This tells us we have 10,173 rows ranging from August 1st to August 31th.

Job Offers by Weekday

We will check which days had the most offers posted. Since our isodate field is a datetime object we can use the dt.weekday property to quickly group it.

weekdays = df["isodate"].dt.weekday.value_counts()
weekdays.sort_index(inplace=True)
    
print(weekdays)
counts
0 2,362
1 1,922
2 2,085
3 2,014
4 1,632
5 138
6 20

Monday (0) was the day that had more job offers posted, followed by Wednesday (2) and Thursday (4). The weekends had the least counts, as expected.

Now, let's create a line plot to see the daily distribution.

We will start by creating a pandas Series with the count of each day.

days_counts = df["isodate"].value_counts()
days_counts.sort_index(inplace=True)

We will create a new DataFrame with only the data of Mondays.

monday_df = days_counts[days_counts.index.weekday == 0]

We initialize our Figure and plot the previously created Series and Dataframe. It is important to note the small differences, such as the Monday DataFrame will only show markers and not lines.

fig = go.Figure()

fig.add_traces(go.Scatter(x=days_counts.index, y=days_counts.values, line_color="#ffa000",
                            mode="markers+lines", line_width=3, marker_size=12))

# Highlight Mondays with a bigger marker.
fig.add_traces(go.Scatter(x=monday_df.index, y=monday_df.values,
                            line_color="#c6ff00", mode="markers", marker_size=18))

fig.update_xaxes(title="Date (2020)", ticks="outside", ticklen=10,
                    tickcolor="#FFFFFF", linewidth=2, gridwidth=0.5, showline=True, mirror=True, nticks=12)

fig.update_yaxes(title="Number of Job Offers", ticks="outside", ticklen=10,
                    tickcolor="#FFFFFF", linewidth=2, gridwidth=0.5, showline=True, mirror=True, nticks=12)

We add final customizations.

fig.update_layout(
    showlegend=False,
    width=1200,
    height=800,
    font_color="#FFFFFF",
    font_size=18,
    title_text="Job Offers by Day",
    title_x=0.5,
    title_y=0.93,
    margin_l=120,
    margin_b=120,
    title_font_size=30,
    paper_bgcolor="#37474f",
    plot_bgcolor="#263238"
)

fig.show()

Weekdays

Job Offers by State

We will obtain the distribution of job offers by state.
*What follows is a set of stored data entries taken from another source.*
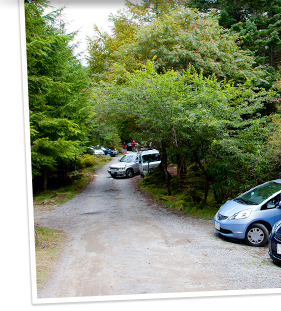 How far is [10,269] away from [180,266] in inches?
95.7

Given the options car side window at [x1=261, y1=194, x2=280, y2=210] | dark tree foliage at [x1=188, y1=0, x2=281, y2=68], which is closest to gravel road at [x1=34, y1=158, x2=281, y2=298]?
car side window at [x1=261, y1=194, x2=280, y2=210]

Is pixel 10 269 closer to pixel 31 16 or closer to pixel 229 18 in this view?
pixel 31 16

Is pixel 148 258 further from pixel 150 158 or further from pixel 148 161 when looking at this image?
pixel 150 158

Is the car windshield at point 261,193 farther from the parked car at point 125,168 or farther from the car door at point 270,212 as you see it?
the parked car at point 125,168

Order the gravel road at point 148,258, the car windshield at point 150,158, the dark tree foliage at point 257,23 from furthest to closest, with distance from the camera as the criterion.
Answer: the car windshield at point 150,158 < the dark tree foliage at point 257,23 < the gravel road at point 148,258

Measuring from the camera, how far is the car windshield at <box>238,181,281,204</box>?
583cm

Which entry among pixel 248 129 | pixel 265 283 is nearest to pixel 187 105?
pixel 248 129

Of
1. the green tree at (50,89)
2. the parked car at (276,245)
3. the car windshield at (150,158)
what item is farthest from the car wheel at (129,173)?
the parked car at (276,245)

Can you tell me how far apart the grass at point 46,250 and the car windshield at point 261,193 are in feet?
13.0

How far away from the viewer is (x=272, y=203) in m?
5.68

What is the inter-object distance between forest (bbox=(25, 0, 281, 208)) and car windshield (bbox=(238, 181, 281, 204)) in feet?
3.40

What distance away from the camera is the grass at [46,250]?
4.25 meters

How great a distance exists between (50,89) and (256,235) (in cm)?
543

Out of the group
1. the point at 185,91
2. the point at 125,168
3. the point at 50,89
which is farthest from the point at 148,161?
the point at 50,89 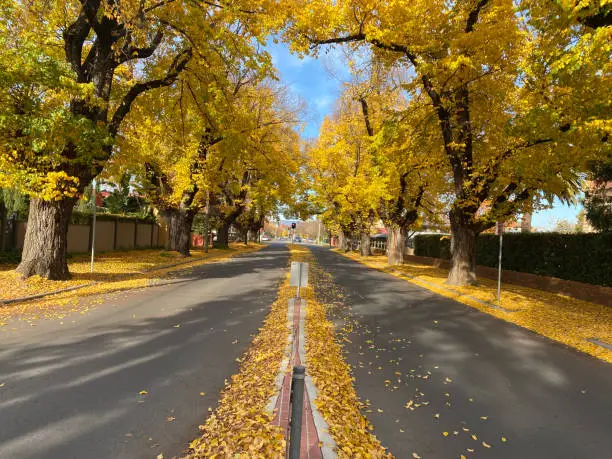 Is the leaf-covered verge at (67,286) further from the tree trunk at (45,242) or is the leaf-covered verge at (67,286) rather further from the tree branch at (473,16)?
the tree branch at (473,16)

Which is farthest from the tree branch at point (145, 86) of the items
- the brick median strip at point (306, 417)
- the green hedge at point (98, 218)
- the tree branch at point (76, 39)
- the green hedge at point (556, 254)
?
the green hedge at point (556, 254)

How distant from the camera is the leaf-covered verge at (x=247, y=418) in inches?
122

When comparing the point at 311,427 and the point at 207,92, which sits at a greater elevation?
the point at 207,92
We will create an Horizontal Bar chart and a Choropleth map.

For both charts we will use the same series which can be generated with one line of code.
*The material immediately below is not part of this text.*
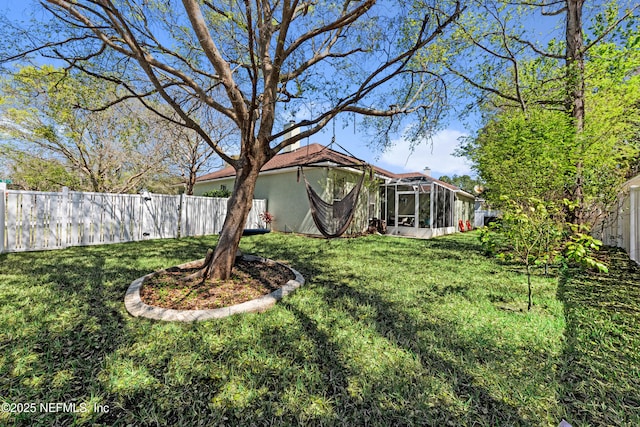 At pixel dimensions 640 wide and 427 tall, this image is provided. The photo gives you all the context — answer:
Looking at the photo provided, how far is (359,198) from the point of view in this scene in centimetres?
1037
states_series = df["state"].value_counts()

We will create a Bar chart with an horizontal ortentatoin. Most of the customizations are added so the graph looks as fancy as possible but are not required.

fig = go.Figure()

fig.add_traces(go.Bar(x=states_series.values, y=states_series.index, text=states_series.values,
                        orientation="h", marker={"color": states_series.values, "colorscale": "tropic"}))

fig.update_xaxes(title="Number of Job Offers", ticks="outside", ticklen=10, tickcolor="#FFFFFF",
                    linewidth=2, showline=True, mirror=True, nticks=12, title_standoff=30, gridwidth=0.5, range=[0, states_series.values.max() * 1.1])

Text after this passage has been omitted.